> _Dataset excerpts_
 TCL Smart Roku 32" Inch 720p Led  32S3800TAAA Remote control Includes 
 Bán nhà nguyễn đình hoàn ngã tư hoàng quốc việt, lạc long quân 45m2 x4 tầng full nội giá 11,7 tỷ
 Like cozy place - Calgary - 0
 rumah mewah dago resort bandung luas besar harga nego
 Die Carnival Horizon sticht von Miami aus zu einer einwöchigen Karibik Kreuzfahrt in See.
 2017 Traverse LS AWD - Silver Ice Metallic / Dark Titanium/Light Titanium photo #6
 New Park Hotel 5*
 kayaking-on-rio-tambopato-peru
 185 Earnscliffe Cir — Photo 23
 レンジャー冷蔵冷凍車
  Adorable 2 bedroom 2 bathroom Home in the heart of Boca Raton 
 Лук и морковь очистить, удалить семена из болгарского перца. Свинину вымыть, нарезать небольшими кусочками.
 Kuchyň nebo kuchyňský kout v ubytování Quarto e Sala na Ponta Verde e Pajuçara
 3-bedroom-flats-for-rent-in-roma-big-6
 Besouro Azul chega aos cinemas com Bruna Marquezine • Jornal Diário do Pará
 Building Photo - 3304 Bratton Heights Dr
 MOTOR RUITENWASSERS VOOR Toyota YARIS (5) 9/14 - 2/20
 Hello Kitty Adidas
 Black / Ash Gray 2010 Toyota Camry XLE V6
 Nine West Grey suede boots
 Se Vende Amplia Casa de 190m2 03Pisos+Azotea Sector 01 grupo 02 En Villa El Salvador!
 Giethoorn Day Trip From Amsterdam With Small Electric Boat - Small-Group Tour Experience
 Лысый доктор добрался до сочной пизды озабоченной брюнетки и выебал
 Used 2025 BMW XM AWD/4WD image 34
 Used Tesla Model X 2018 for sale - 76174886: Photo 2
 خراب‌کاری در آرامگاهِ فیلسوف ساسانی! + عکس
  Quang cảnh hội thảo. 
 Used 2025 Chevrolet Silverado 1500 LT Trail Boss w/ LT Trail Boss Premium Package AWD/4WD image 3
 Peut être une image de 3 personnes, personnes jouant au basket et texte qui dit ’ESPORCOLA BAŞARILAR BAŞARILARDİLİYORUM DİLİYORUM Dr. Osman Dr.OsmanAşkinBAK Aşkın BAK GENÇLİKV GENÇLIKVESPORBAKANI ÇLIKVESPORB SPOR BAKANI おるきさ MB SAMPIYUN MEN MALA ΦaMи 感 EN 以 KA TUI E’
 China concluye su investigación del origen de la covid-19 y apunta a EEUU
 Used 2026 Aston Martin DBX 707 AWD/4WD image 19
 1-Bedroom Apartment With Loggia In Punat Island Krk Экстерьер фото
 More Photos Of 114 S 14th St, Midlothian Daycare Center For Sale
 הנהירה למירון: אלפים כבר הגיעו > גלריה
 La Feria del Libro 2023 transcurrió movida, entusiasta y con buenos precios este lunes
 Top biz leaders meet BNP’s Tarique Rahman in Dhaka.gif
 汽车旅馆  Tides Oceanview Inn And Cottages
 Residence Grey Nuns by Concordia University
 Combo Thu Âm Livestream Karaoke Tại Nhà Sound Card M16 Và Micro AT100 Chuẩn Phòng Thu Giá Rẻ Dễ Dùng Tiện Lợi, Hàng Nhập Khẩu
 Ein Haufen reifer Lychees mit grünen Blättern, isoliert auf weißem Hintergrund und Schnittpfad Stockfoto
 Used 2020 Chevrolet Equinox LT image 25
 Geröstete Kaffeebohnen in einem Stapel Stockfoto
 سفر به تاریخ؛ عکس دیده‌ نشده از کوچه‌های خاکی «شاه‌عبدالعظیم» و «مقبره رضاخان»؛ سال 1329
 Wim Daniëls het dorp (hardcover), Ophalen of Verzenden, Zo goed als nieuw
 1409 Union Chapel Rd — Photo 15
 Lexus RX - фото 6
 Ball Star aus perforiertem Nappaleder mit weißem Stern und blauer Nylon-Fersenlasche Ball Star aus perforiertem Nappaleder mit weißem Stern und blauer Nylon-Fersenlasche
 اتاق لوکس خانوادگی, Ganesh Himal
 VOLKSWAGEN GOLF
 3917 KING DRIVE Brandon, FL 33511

> _Work item_
Write out exactly the lines that fall from the line with "Hello Kitty Adidas" to the line with "Lexus RX - фото 6" in the records above, keeping both ends.

> _Answer for this exercise_
 Hello Kitty Adidas
 Black / Ash Gray 2010 Toyota Camry XLE V6
 Nine West Grey suede boots
 Se Vende Amplia Casa de 190m2 03Pisos+Azotea Sector 01 grupo 02 En Villa El Salvador!
 Giethoorn Day Trip From Amsterdam With Small Electric Boat - Small-Group Tour Experience
 Лысый доктор добрался до сочной пизды озабоченной брюнетки и выебал
 Used 2025 BMW XM AWD/4WD image 34
 Used Tesla Model X 2018 for sale - 76174886: Photo 2
 خراب‌کاری در آرامگاهِ فیلسوف ساسانی! + عکس
  Quang cảnh hội thảo. 
 Used 2025 Chevrolet Silverado 1500 LT Trail Boss w/ LT Trail Boss Premium Package AWD/4WD image 3
 Peut être une image de 3 personnes, personnes jouant au basket et texte qui dit ’ESPORCOLA BAŞARILAR BAŞARILARDİLİYORUM DİLİYORUM Dr. Osman Dr.OsmanAşkinBAK Aşkın BAK GENÇLİKV GENÇLIKVESPORBAKANI ÇLIKVESPORB SPOR BAKANI おるきさ MB SAMPIYUN MEN MALA ΦaMи 感 EN 以 KA TUI E’
 China concluye su investigación del origen de la covid-19 y apunta a EEUU
 Used 2026 Aston Martin DBX 707 AWD/4WD image 19
 1-Bedroom Apartment With Loggia In Punat Island Krk Экстерьер фото
 More Photos Of 114 S 14th St, Midlothian Daycare Center For Sale
 הנהירה למירון: אלפים כבר הגיעו > גלריה
 La Feria del Libro 2023 transcurrió movida, entusiasta y con buenos precios este lunes
 Top biz leaders meet BNP’s Tarique Rahman in Dhaka.gif
 汽车旅馆  Tides Oceanview Inn And Cottages
 Residence Grey Nuns by Concordia University
 Combo Thu Âm Livestream Karaoke Tại Nhà Sound Card M16 Và Micro AT100 Chuẩn Phòng Thu Giá Rẻ Dễ Dùng Tiện Lợi, Hàng Nhập Khẩu
 Ein Haufen reifer Lychees mit grünen Blättern, isoliert auf weißem Hintergrund und Schnittpfad Stockfoto
 Used 2020 Chevrolet Equinox LT image 25
 Geröstete Kaffeebohnen in einem Stapel Stockfoto
 سفر به تاریخ؛ عکس دیده‌ نشده از کوچه‌های خاکی «شاه‌عبدالعظیم» و «مقبره رضاخان»؛ سال 1329
 Wim Daniëls het dorp (hardcover), Ophalen of Verzenden, Zo goed als nieuw
 1409 Union Chapel Rd — Photo 15
 Lexus RX - фото 6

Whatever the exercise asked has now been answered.